Image-text web data:
◆ ◆ ◆

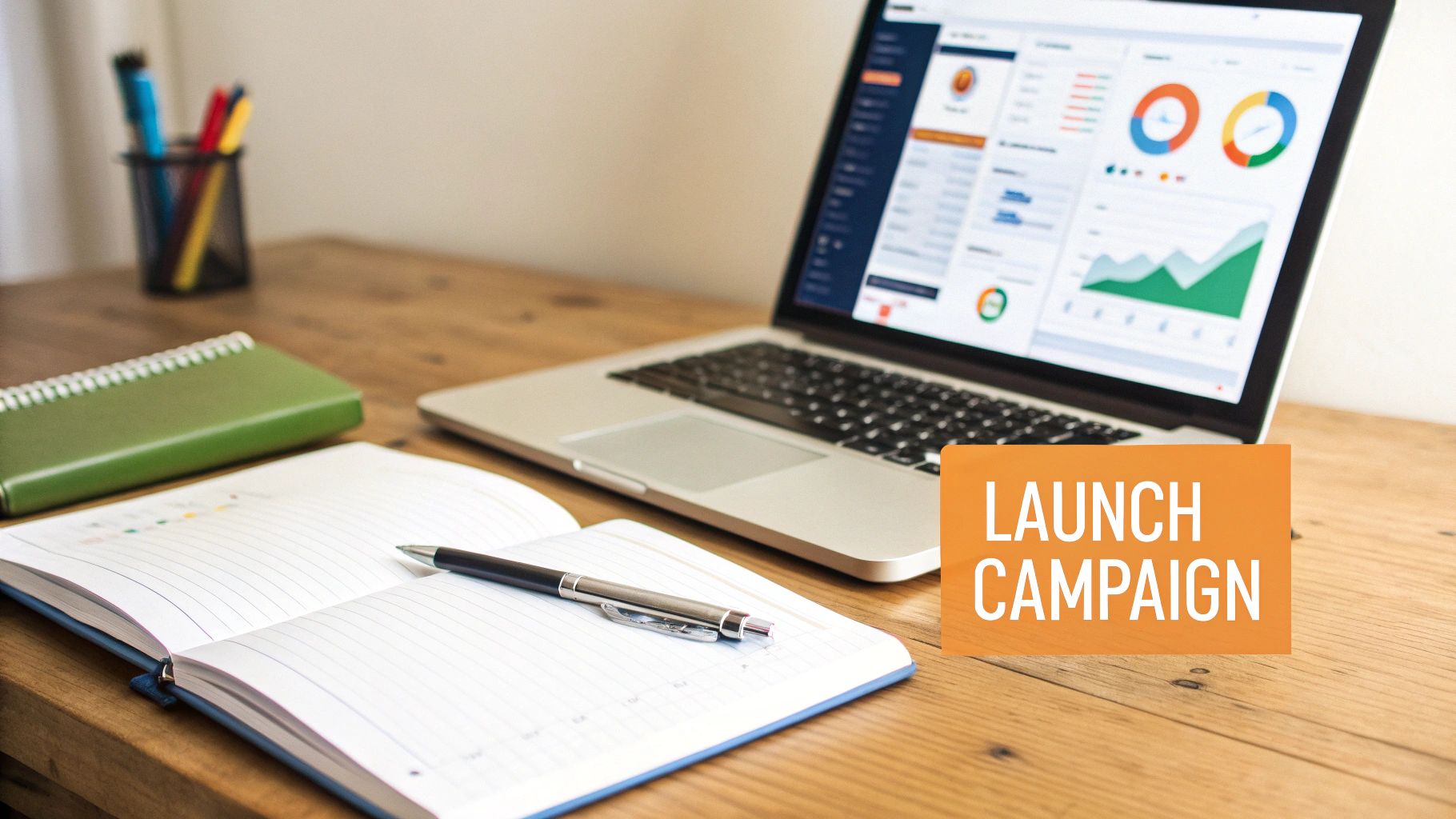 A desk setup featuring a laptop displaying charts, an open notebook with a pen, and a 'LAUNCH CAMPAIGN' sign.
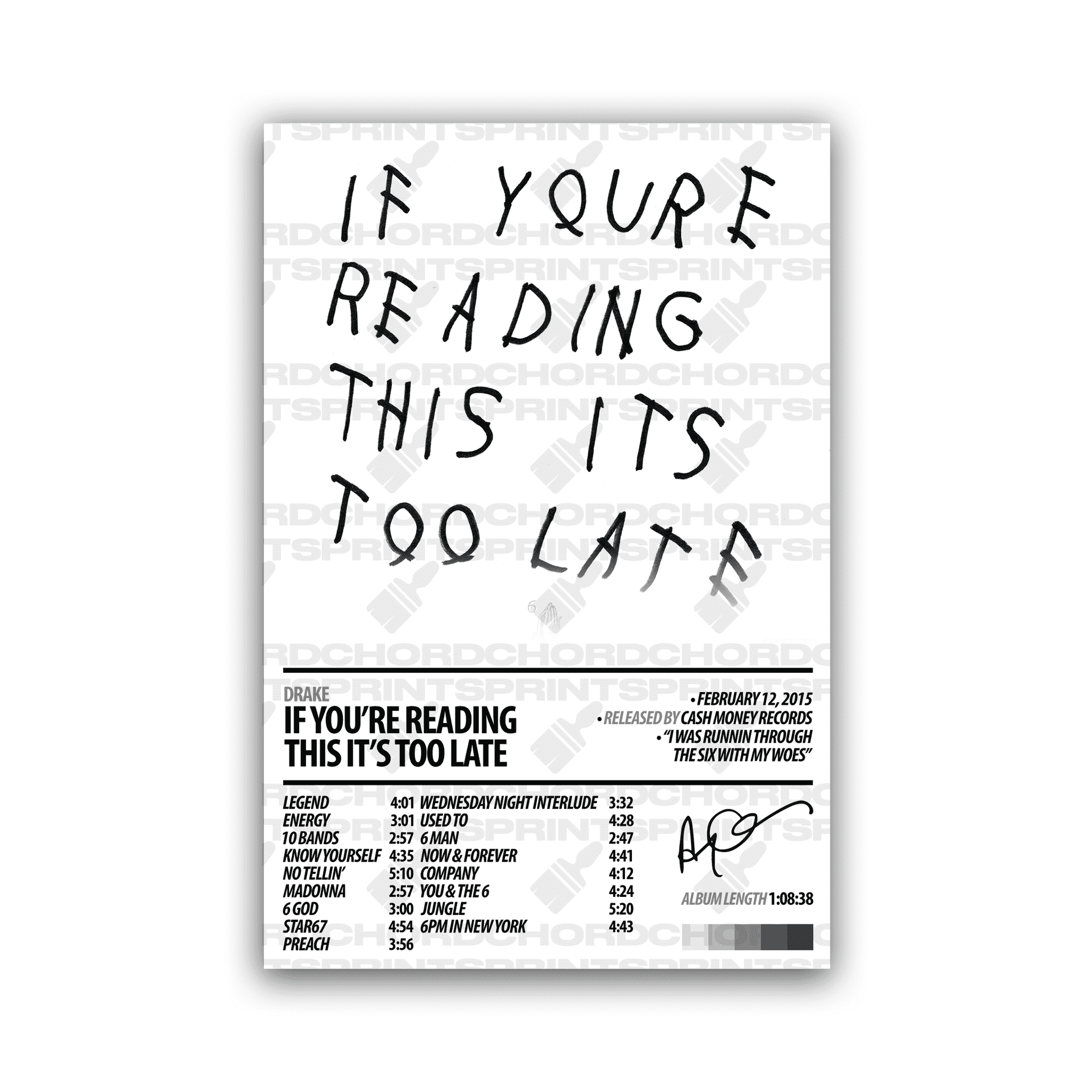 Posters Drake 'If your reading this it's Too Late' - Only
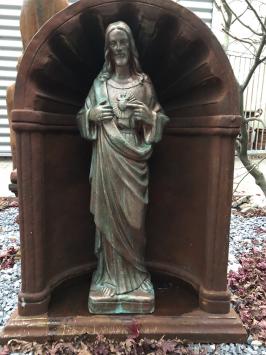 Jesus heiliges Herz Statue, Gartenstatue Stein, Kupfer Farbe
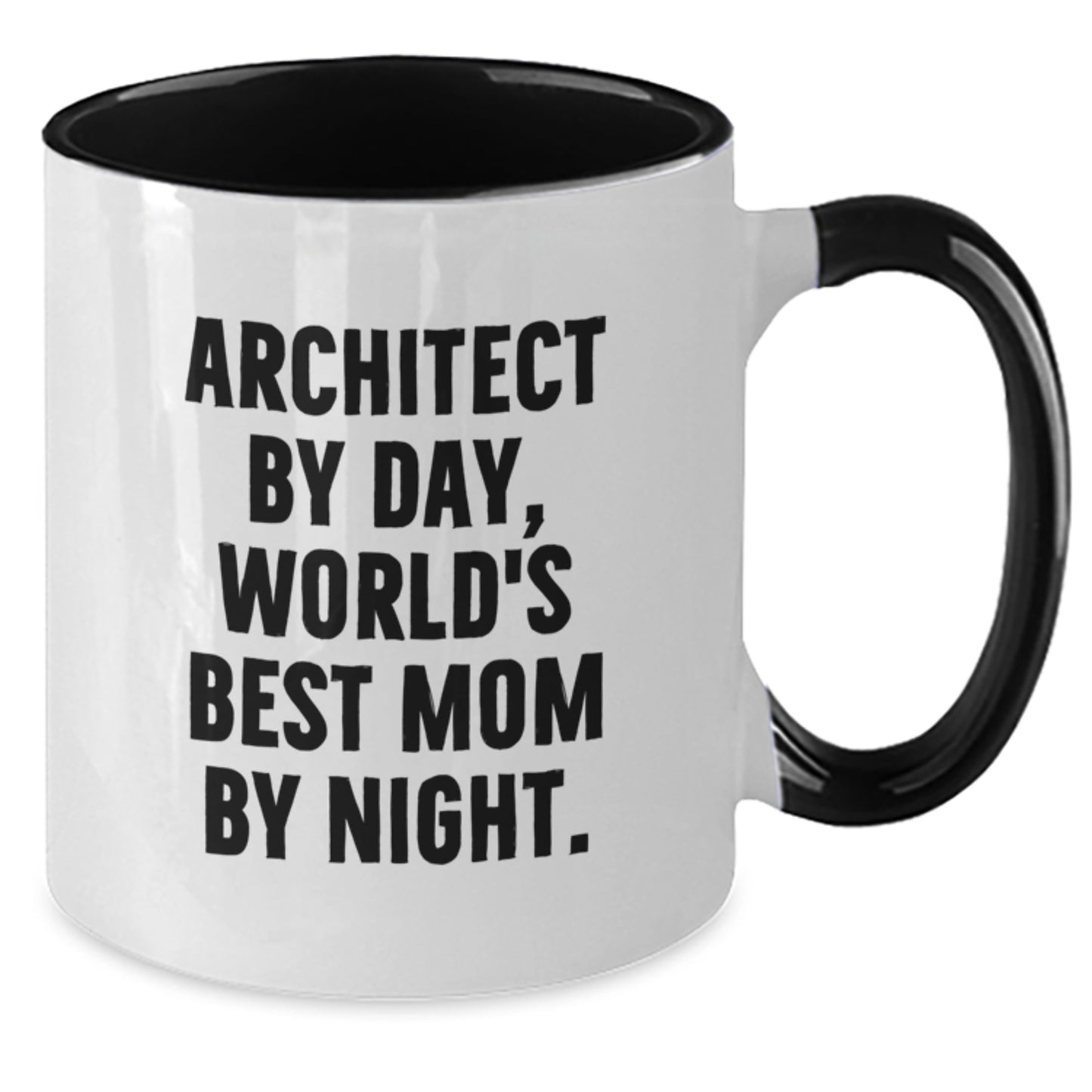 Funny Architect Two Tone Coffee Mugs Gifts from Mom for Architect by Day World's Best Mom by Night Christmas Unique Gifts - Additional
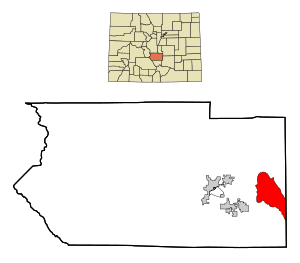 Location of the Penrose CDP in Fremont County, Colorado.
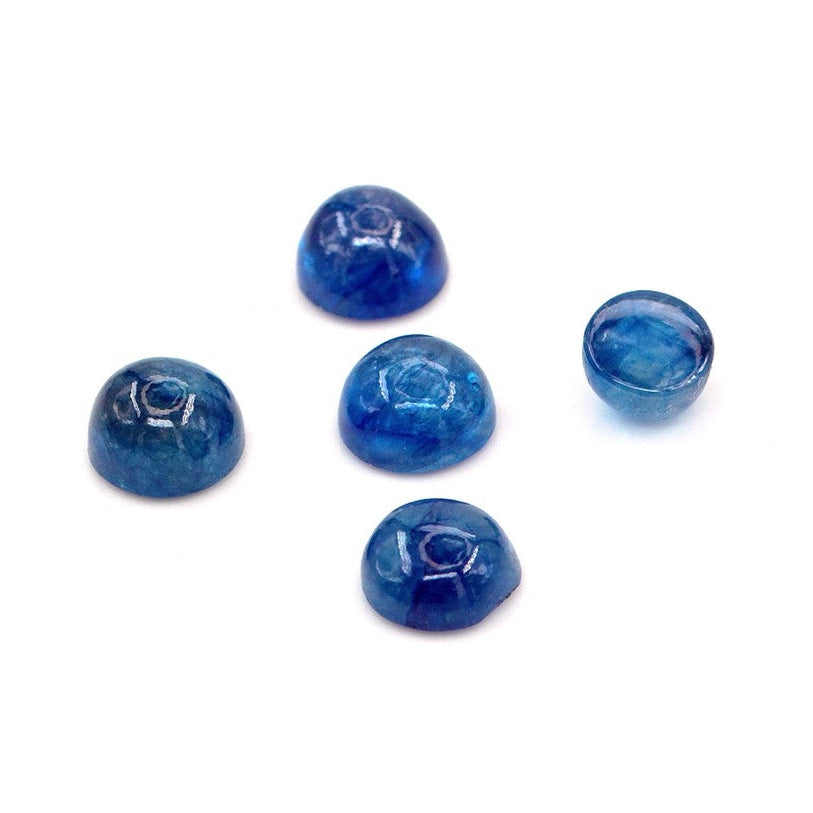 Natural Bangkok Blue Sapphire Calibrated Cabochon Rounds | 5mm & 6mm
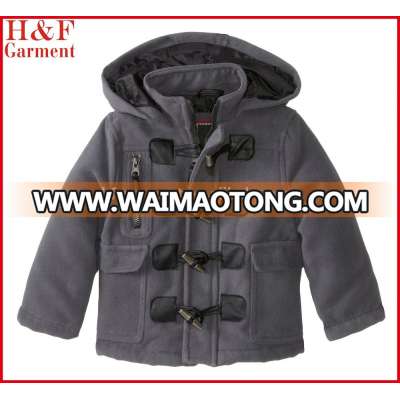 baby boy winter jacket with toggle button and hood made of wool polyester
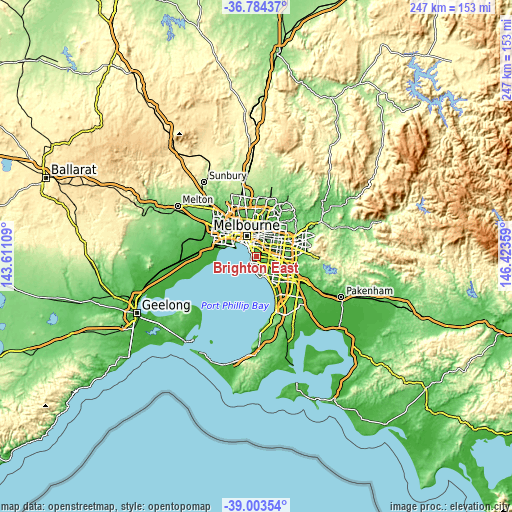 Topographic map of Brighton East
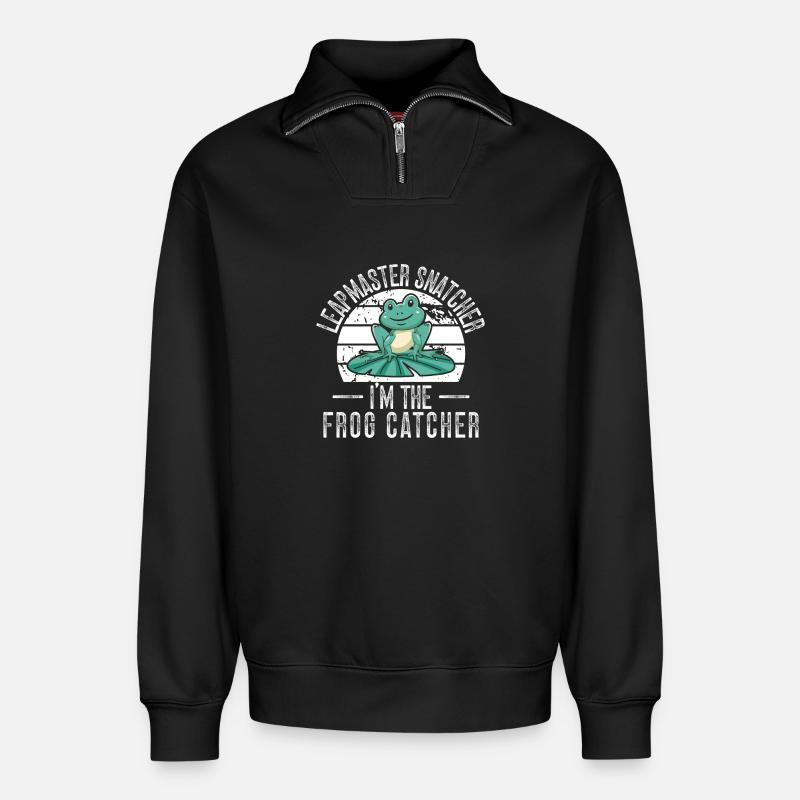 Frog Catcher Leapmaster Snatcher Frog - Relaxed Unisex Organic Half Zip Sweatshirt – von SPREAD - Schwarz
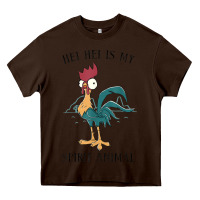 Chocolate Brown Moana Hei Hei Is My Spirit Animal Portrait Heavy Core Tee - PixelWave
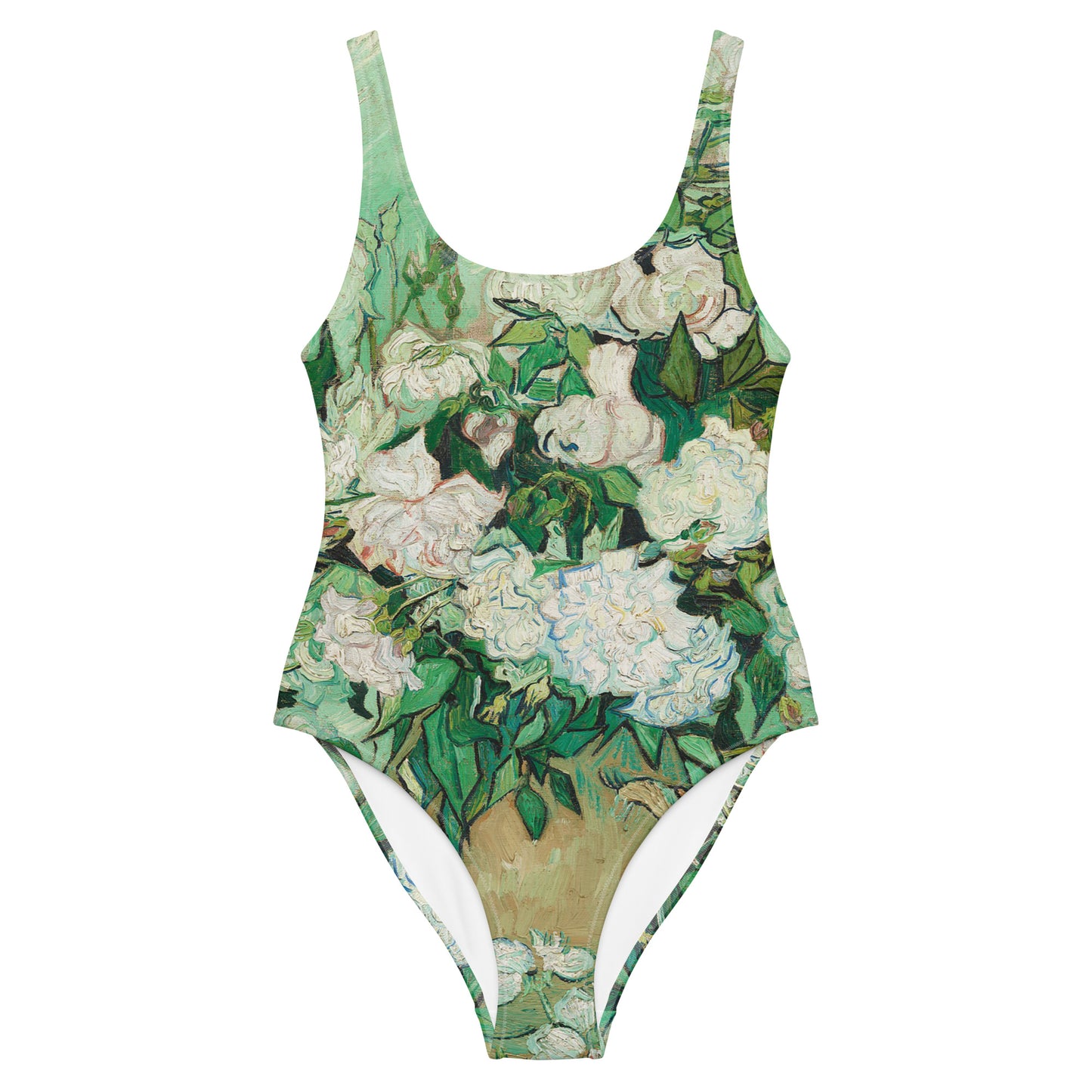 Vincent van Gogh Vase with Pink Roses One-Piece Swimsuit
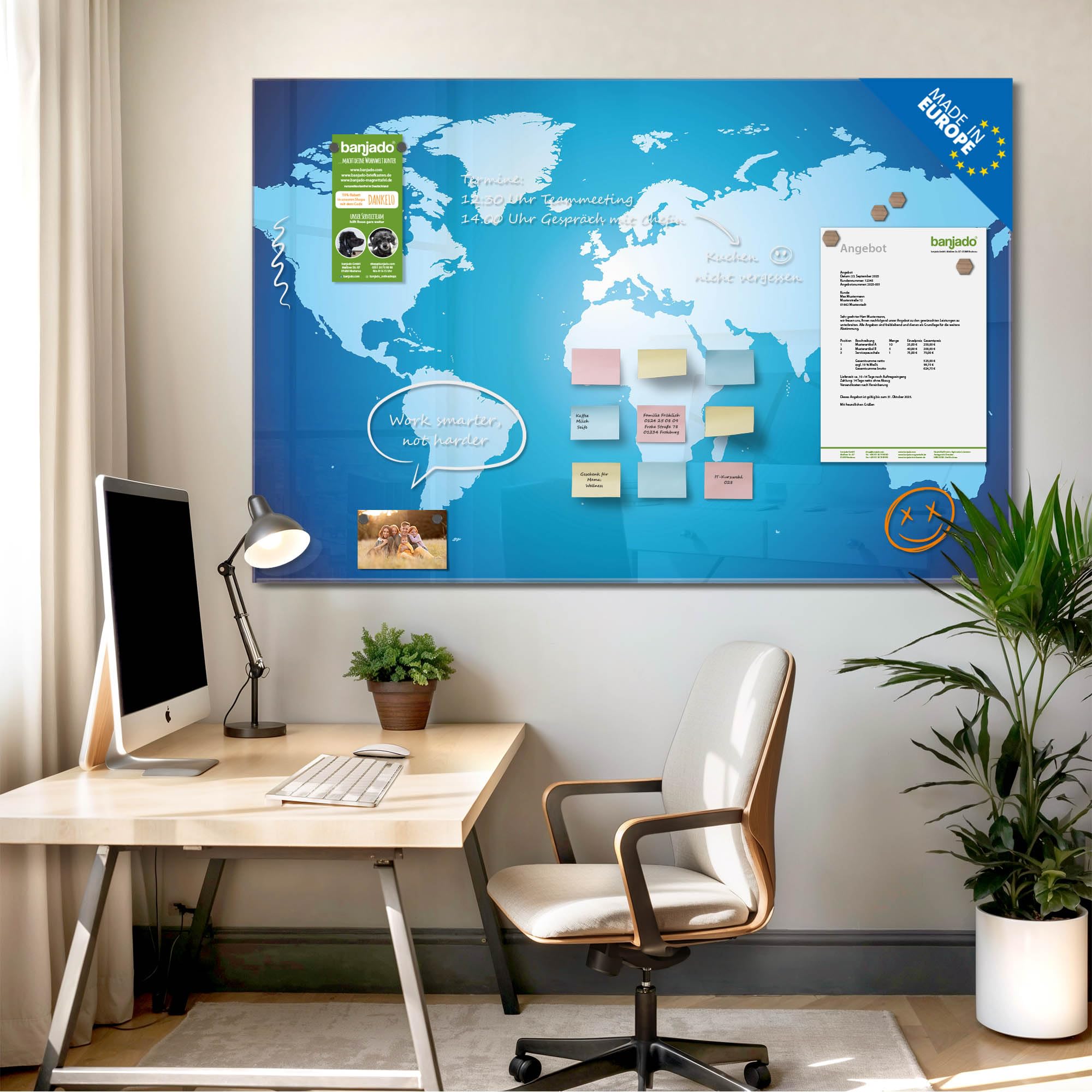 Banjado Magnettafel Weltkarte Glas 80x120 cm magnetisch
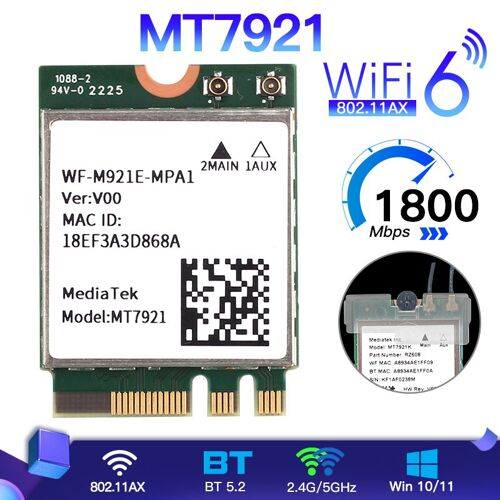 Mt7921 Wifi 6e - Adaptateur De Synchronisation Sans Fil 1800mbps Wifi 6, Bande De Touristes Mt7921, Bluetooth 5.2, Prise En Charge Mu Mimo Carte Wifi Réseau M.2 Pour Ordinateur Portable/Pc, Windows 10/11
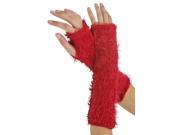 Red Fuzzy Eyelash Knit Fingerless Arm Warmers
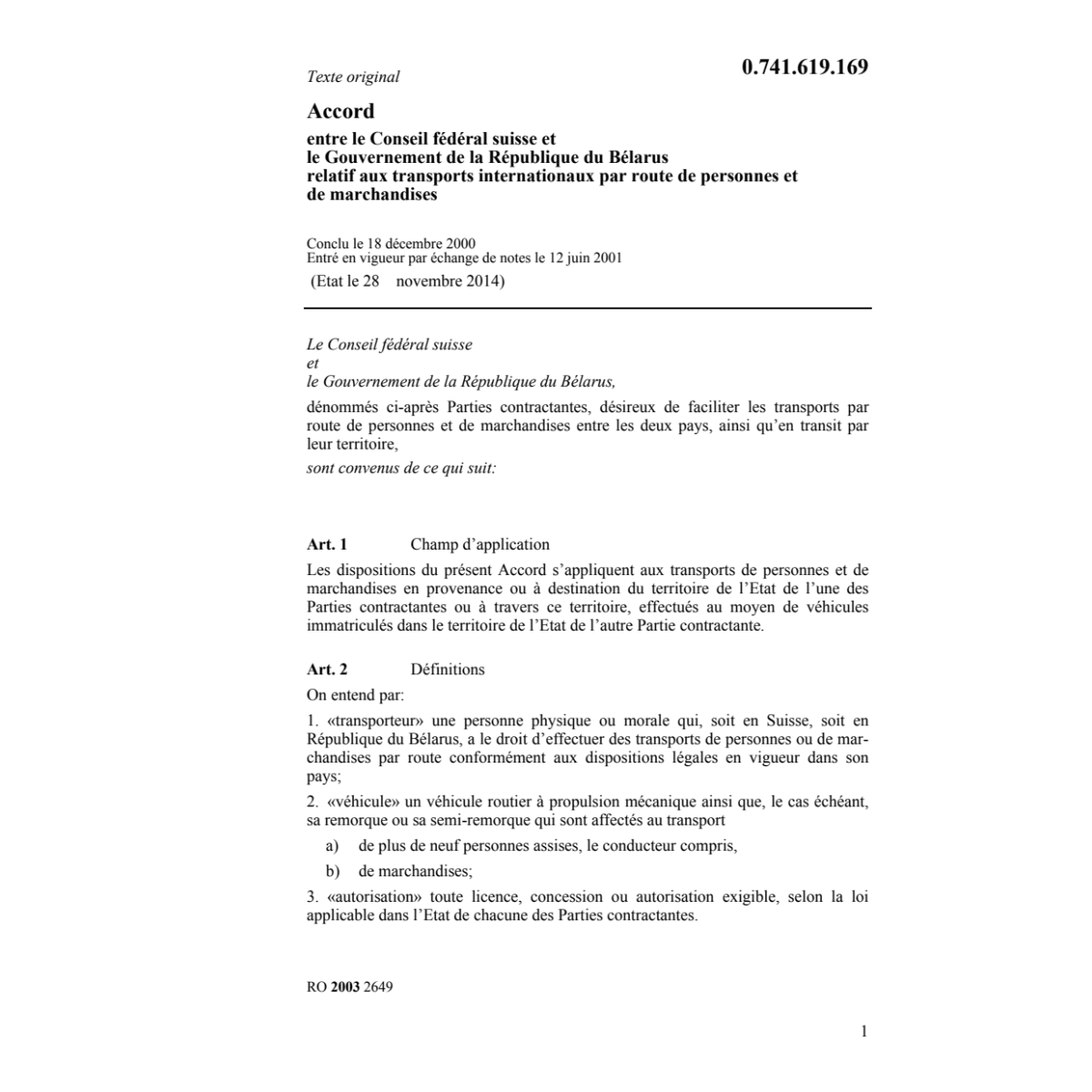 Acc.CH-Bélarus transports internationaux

◆ ◆ ◆

→ Assignment:
Write out exactly, and only, the lines from the line holding "Frog Catcher Leapmaster" through the end of the data, inclusive, without any pictures.

→ Exercise solution:
 Frog Catcher Leapmaster Snatcher Frog - Relaxed Unisex Organic Half Zip Sweatshirt – von SPREAD - Schwarz
 Chocolate Brown Moana Hei Hei Is My Spirit Animal Portrait Heavy Core Tee - PixelWave
 Vincent van Gogh Vase with Pink Roses One-Piece Swimsuit
 Banjado Magnettafel Weltkarte Glas 80x120 cm magnetisch
 Mt7921 Wifi 6e - Adaptateur De Synchronisation Sans Fil 1800mbps Wifi 6, Bande De Touristes Mt7921, Bluetooth 5.2, Prise En Charge Mu Mimo Carte Wifi Réseau M.2 Pour Ordinateur Portable/Pc, Windows 10/11
 Red Fuzzy Eyelash Knit Fingerless Arm Warmers
 Acc.CH-Bélarus transports internationaux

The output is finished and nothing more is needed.